Warsaw, 12th March 2019
Over 500 small shops owners appeal to the Prime Minister to withdraw from Sunday trade restrictions
On 12th March 2019, a petition was submitted to the Chancellery of the Prime Minister of the Republic of Poland regarding the abolition of the Act on trade restrictions on Sundays and certain holidays, and introducing changes to the Labour Code guaranteeing each employee two free Sundays a month. The petition was signed by Cezary Kaźmierczak, president of the Union of Entrepreneurs and Employers, Jerzy Romański, president of the Polish Federation of Merchants and Producers Associations, as well as over five hundred owners of small family stores.
The petition calls attention to both the express mode of adopting the Act on Sunday trade restrictions and the lack of a reliable assessment of the effects of regulation, and the negative effects of the introduced regulations.
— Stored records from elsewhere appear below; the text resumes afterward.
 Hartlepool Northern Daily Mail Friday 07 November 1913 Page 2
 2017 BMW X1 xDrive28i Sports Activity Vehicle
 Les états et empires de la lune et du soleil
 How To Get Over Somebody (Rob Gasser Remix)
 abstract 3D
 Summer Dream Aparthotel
Over the first year of the Act being in force, an many as 16 thousand small family stores were closed – stores that the new regulations were supposed to help. Moreover, the social acceptance of the introduced regulations is decreasing. Along with the gradual decrease in the number of commercial Sundays per the month, the percentage of opponents of the Sunday trading ban increases.
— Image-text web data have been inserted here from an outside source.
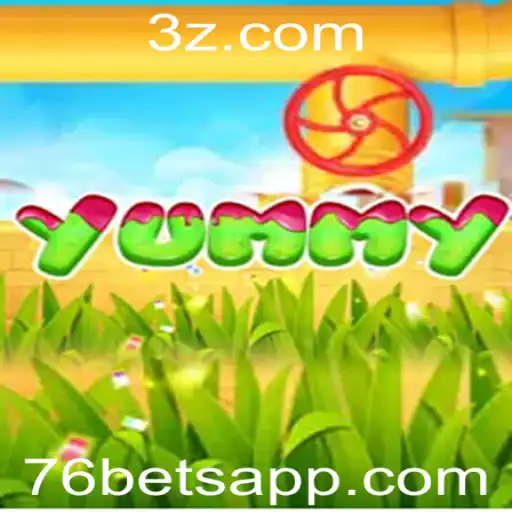Yummy: Descubra o Jogo Inovador da 76bet que Está Conquistando a Todos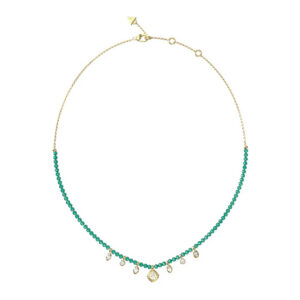 Guess Damenhalskette JUBN06144JWYGGNTU
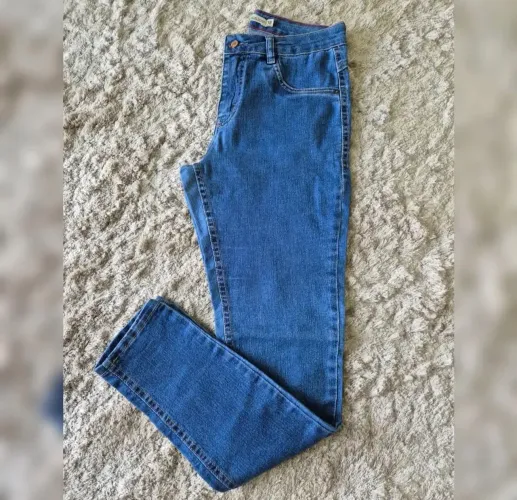 Calça Jeans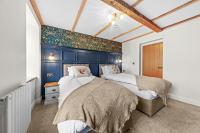 Tilly's Cosy Cottage Retreats - Castle Cottage - B&B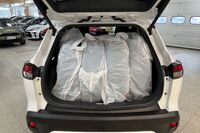 Toyota Corolla Cross vaihtoauto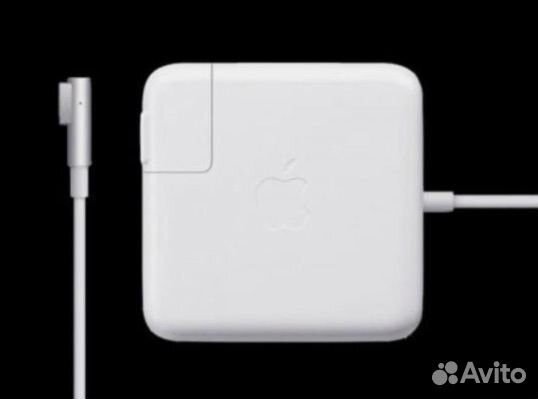 Зарядка для MacBook Magsafe 1 85W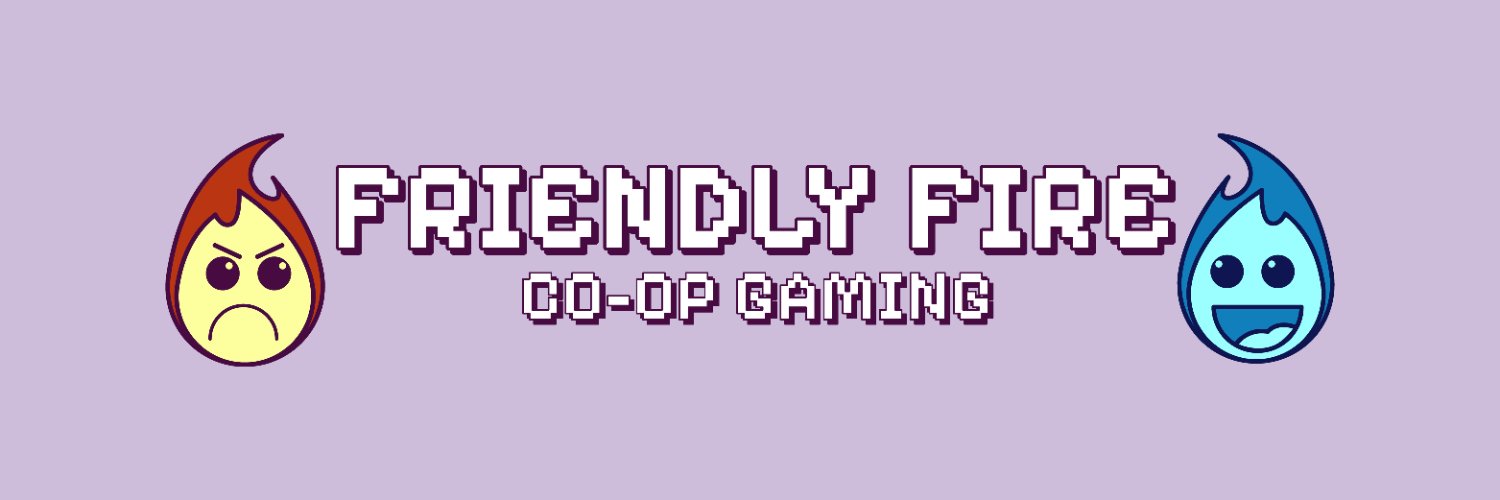 Friendly Fire (@ffcoopgaming) / Posts / X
“Many times, after we presented hard statistical data clearly showing that the Sunday trade ban is killing small stores, we would hear “argumentation” based on anecdotal evidence,” says Cezary Kaźmierczak, president of the Union of Entrepreneurs and Employers. “People would talk about brothers-in-law, cousins or neighbours who allegedly run small shops and praise the trade ban. This was supposed to be a counterargument against the statistics that were crushing to the enforced regulations. Therefore, if widely available data are still unconvincing, we have decided to collect signatures for a petition to the Prime Minister, in which we call for this harmful act to be repealed. There are more than five hundred of them, a solid, representative group of owners of the smallest stores, not anonymous individuals. They clearly say that the ban is harmful to their businesses and they ask for it to be abolished.”
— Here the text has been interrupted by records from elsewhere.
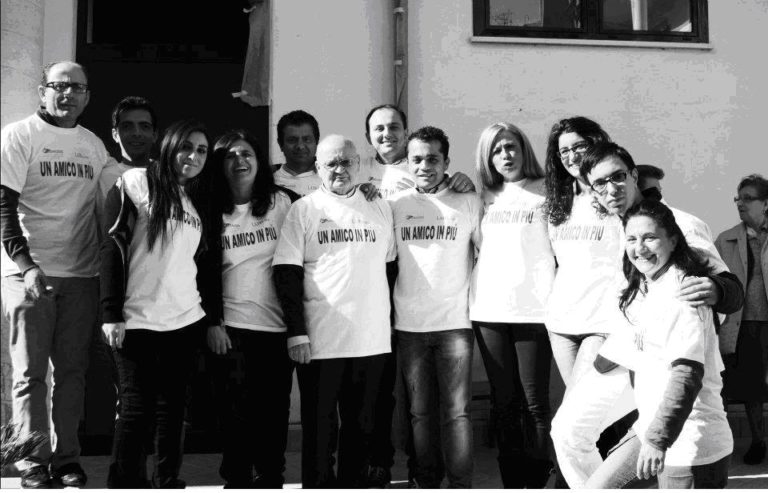 Riuscita la kermesse ‘Un amico in più’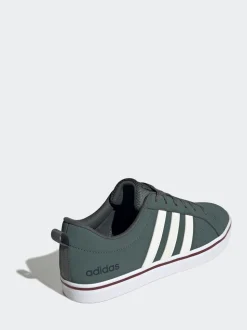 Groen/Lime - adidas VS Pace Sneakers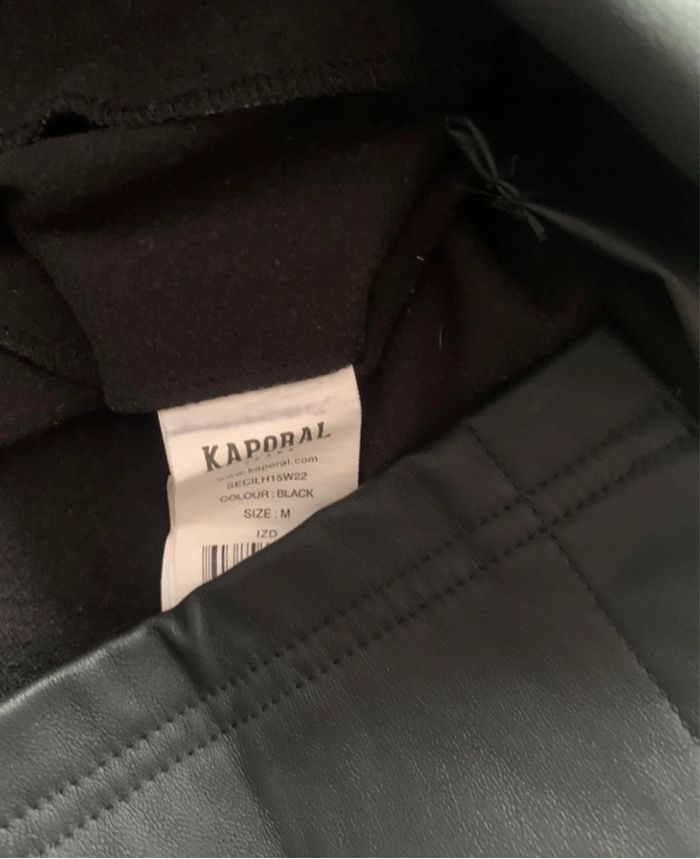 Robe - Kaporal - taille M - photo numéro 7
The petition also points to a solution which, in the opinion of its signatories, would be much more optimal than restrictions on Sunday trade, i.e. the introduction of a guarantee of two free Sundays each month for all employees working under a contract of employment. This way, the legislator’s original goal could be achieved without excessive interference in the market or in the functioning of entrepreneurs. The advantage of this solution is also that it would be commonplace and would cover all employees, not just those employed in a part of the commercial sector.
“We really see and experience how extremely harmful the Sunday trade ban is for owners of small Polish shops,” claims Jerzy Romański, president of the Polish Federation of Merchants and Producers Associations. “This petition is a cry of despair. The smallest entrepreneurs from the commercial sector appeal to the Prime Minister to abolish the regulations that lead to their bankruptcies. I deeply hope that they will be heard.”